-- What this task involves --
Write down the lines exactly as they appear, from the one that contains "To this stem" through the final line of the records, so that both ends are kept and no pictures come along.

Collected data
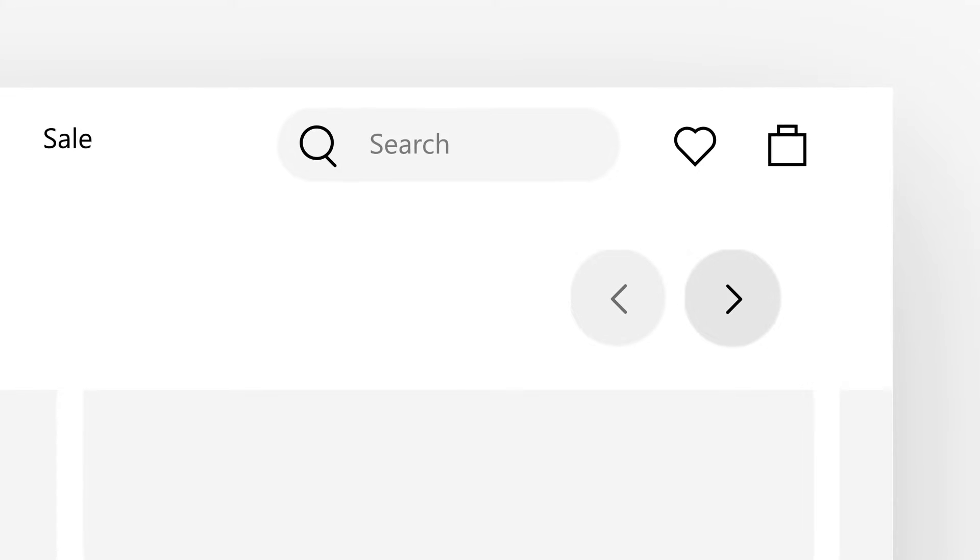Now look at this example of a menu bar on a website. Each of these icons is the same size and has a similar appearance.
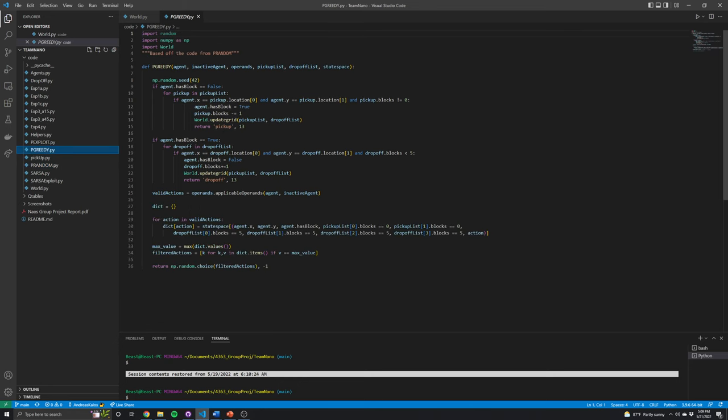The next policy is P_greedy, which is similar to just normal Q-learning. It basically takes the highest Q value action from the applicable operands list and then chooses that one every time. We can expect this one to perform pretty well. There is a chance that sometimes the agents will get into suboptimal loops depending on how the Q values are implemented, but in our case we were able to get past that.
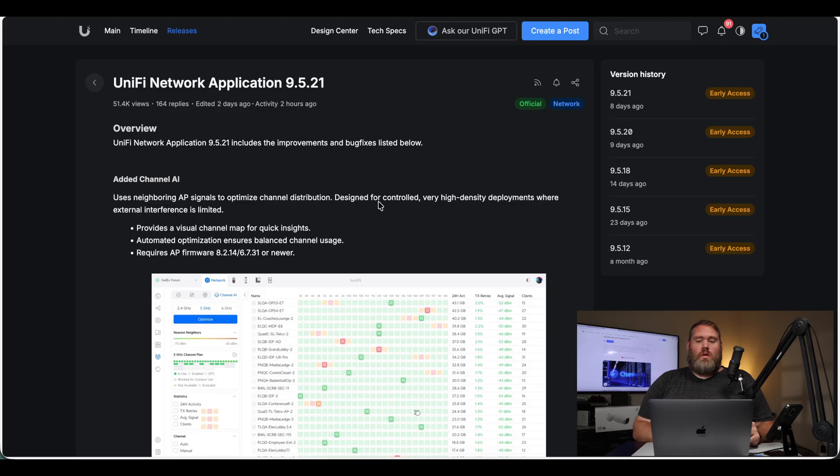This week, Ubiquiti has launched Unify Protect 9.5, so let's take a look at it.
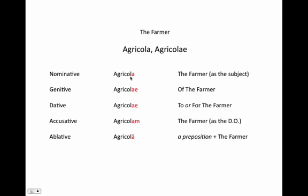To this stem we add our endings to make it fall in all these different cases. Our nominative ending is -a, meaning the farmer as the subject. Our genitive ending is -ae, meaning 'of the farmer' — that's our possession. Our dative ending is also -ae, showing the indirect object: 'to or for the farmer.' Our accusative ending is -am, meaning the farmer as the direct object. And our ablative ending is -ā with a macron — that is the farmer as the object of a preposition.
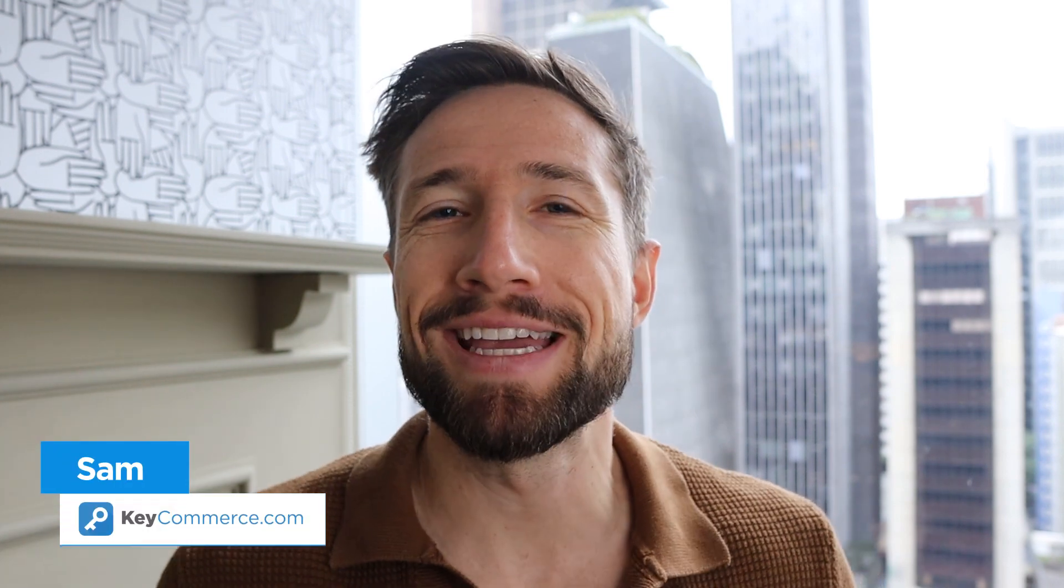Hey guys, Sam here from KeyCommerce.com. In this video, I'm going to show you exactly how my team and I set up Performance Max campaigns.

-- Response to this task --
To this stem we add our endings to make it fall in all these different cases. Our nominative ending is -a, meaning the farmer as the subject. Our genitive ending is -ae, meaning 'of the farmer' — that's our possession. Our dative ending is also -ae, showing the indirect object: 'to or for the farmer.' Our accusative ending is -am, meaning the farmer as the direct object. And our ablative ending is -ā with a macron — that is the farmer as the object of a preposition.
Hey guys, Sam here from KeyCommerce.com. In this video, I'm going to show you exactly how my team and I set up Performance Max campaigns.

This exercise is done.